Mort d'Henri III et maintien au pouvoir
     "Après la mort de son mari, dont elle avait été très proche (ce qui ne caractérisait peut-être pas le comportement médiéval), ce fut à Agnès que revint le soin d'assurer la régence que le roi défunt lui avait confiée sur son lit de mort au nom de leur fils Henri IV, qui était encore mineur. Elle essaya bien au début de continuer la politique de son mari, mais se heurta à des résistances considérables dans l'Empire, particulièrement en Saxe ; la situation ayant changé, on ne pouvait plus suivre les mêmes principes, il fallait s'adapter, trouver un moyen pour garder l'héritage d'Henri III à leur fils et à la dynastie salienne.

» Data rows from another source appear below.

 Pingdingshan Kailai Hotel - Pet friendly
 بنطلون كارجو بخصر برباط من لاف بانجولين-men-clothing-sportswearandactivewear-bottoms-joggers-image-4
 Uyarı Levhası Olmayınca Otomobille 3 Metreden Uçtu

     "Après la mort d'Henri III le 5 octobre 10568, Agnès prit la régence au nom d'Henri IV, mineur, mais déjà couronné. Au début, elle continua la politique de son mari en s'appuyant surtout sur Hugues de Cluny et le pape Victor II. Ce dernier, en tant qu'évêque d'Eichstätt et administrateur de l'Empire, faisait tout ce qu'il pouvait pour maintenir le pouvoir des Franconiens, issu de Conrad le Salique. L'impératrice, comme son époux Henri III, était du côté des réformateurs de l'église clunisienne, tandis que Hugues de Cluny, le parrain de son fils, qui était l'abbé de Cluny, centre de la réforme, menait une politique d'équilibre et de paix. Le pape Victor II9, qui devait la tiare à Henri III, jouait les bons offices entre la couronne, la noblesse et l'épiscopat. De cette façon la régence de l'impératrice, femme sans expérience politique, était acceptée, même si une loyauté complète était loin d'être garantie du côté des grands de l'Empire. La régence semblait n'avoir rien à craindre.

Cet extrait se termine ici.